The third movement scherzo is just that: a true scherzo in a fast tempo with the rhythmic muscularity of a Beethoven scherzo. A preponderance of upbeats keeps the scherzo skipping forward setting up a lovely contrast for the sweet poise of the trio. Haydn finishes the quartet with a gently loping theme and variations where a winning tune provides a vehicle for the ensemble to “jam” in a series of charming permutations. The last variation changes from Allegretto to Presto for a kind of slingshot of final energy to “bring it all home.”

—Kai Christiansen

Tiersen:

Yann Tiersen is a French Breton musician and composer whose career is split between studio recordings, music collaborations, and composing film scores. His music incorporates a large variety of instruments, from the electric guitar and violin to the toy piano and even the typewriter.

Tiersen rose to fame upon the release of his third studio album, Le Phare (The Lighthouse) in 1998. The album was recorded during two months in self-imposed seclusion on an island at the most north-western point of territorial France. At night he would watch the Phare du Creach, one of the most powerful lighthouses in the world, and was fascinated by the stunning scenery repeated every night.

 Three songs from this album, including “La Noyée” (The Drowned Girl) were later featured on the 2001 soundtrack of the 2001 French romantic comedy Amélie.

Neukom:

When Jason and I were young boys, our mother told us a fantastical story that, by her accounts, was true. Set in Mexico, a young girl heard a noise in the alleyway. She looked over her balcony to investigate, and she fell over the railing. As she was holding on with one hand, body dangling, she felt a spirit push her up over the balcony. She, of course, was the girl in the story. El Balcón (“The Balcony”) is a musical depiction of this tale. The quartet is used as four “guitars,” as a vocal quartet, and ultimately as a string quartet in the formal sense. This emotional journey has one foot in classical sensibility and the other in a cinematic sound world. —Sean Neukom

Lyrics:
Cuando era joven
Ella me contó una historia
tiene fantasmas
sucedió en México
asi

es un sueño
fue real no?
a ella

sentada en su cama
un ruido e afuera
puertas balcón abiertas
mirando hacia la calle
asi

despues cayo
despues cayo
despues magia
espíritu

I remember when she told me
her eyes they glowed with joy
she believed every word
and cried
holding on with one hand
then
she felt an angel’s presence there
floating up she let go
she let go

Bach:

Of the six or so major works Bach composed in his last ten years (including The Well-Tempered Clavier, Goldberg Variations, Mass in B minor, etc.) one could make the case that The Art of Fugue really is the hardest to swallow out of these famous pieces. Fourteen fugues, four canons, all in the same key, all based on the same melodic material, all in a row . . . would that not be a bit much for an unsuspecting concertgoers?

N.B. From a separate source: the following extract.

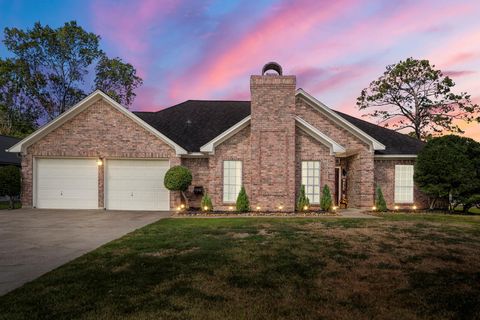 Photo of 3302 La Reforma Boulevard, Baytown, TX 77521 (MLS # 79224934)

But The Art of Fugue isn’t like other works. It’s lifetime music. I’ve been getting to know it little by little, year after year, and it’s always still around when I’m ready to learn a little more. It doesn’t suffer when we experience it in short bursts; in fact my colleagues and I find performing just a few of the fugues as a set to be very attractive. You’ll be hearing one of those sets today.

There’s lots of brainy, technical genius packed into The Art of Fugue that the professional (and the curious) can find. But despite the intellectual rigor (and all the alarming sameness mentioned above), each fugue is alive with its own mood, character, and personality–more than enough for the concert stage!

There’s another reason we’re tackling these pieces. Fugue is a type of music wherein each musical line is equally independent and interesting on its own, yet all the parts must work together to weave the whole sound. Should you find such a balance between four independent individuals, you just might have yourself a string quartet. Happy listening!